◆ WHAT YOU SHOULD DO ◆
Exactly as they appear below, repeat the lines from the one with "Groene en witte" through the one with "Pau Gasol of". Drop every picture.

─── RECORDS FOR PROCESSING ───

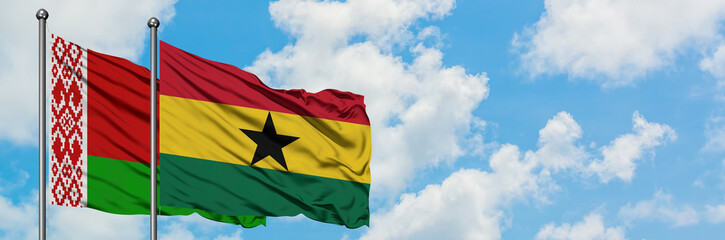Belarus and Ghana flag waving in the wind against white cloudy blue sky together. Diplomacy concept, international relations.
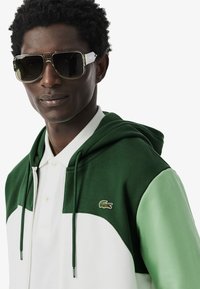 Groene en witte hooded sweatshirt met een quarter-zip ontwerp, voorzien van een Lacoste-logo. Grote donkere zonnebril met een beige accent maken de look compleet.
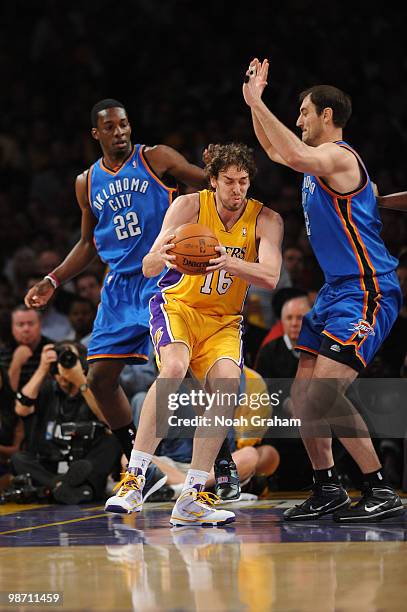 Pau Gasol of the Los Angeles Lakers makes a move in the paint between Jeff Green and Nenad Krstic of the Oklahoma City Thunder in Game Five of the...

───
─── RECORDS FOR PROCESSING ───

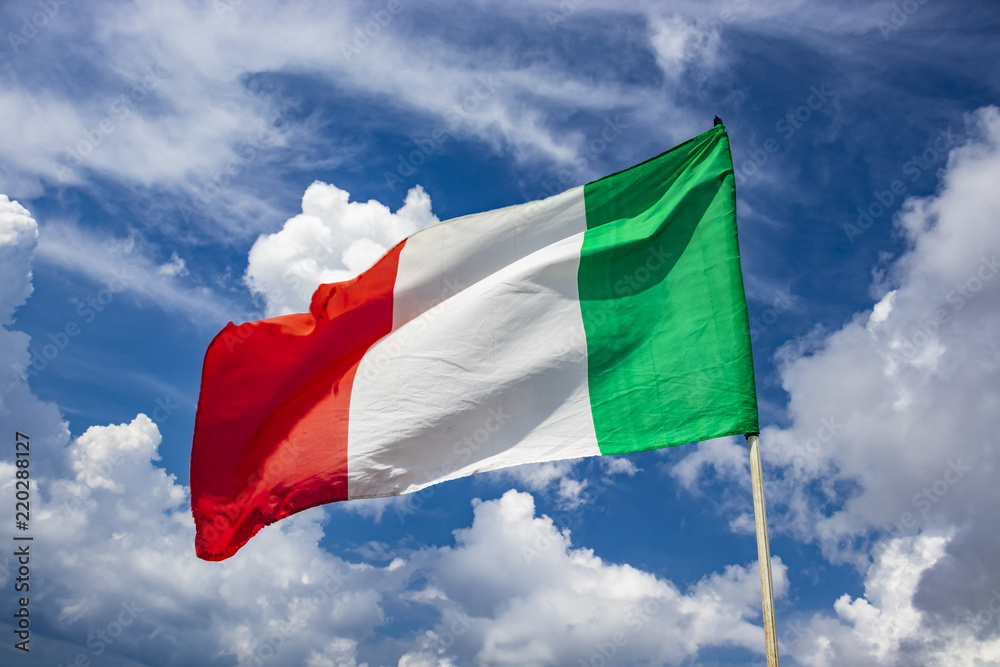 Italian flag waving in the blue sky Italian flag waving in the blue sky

───

◆ ANSWER TO THE PROBLEM ◆
 Groene en witte hooded sweatshirt met een quarter-zip ontwerp, voorzien van een Lacoste-logo. Grote donkere zonnebril met een beige accent maken de look compleet.
 Pau Gasol of the Los Angeles Lakers makes a move in the paint between Jeff Green and Nenad Krstic of the Oklahoma City Thunder in Game Five of the...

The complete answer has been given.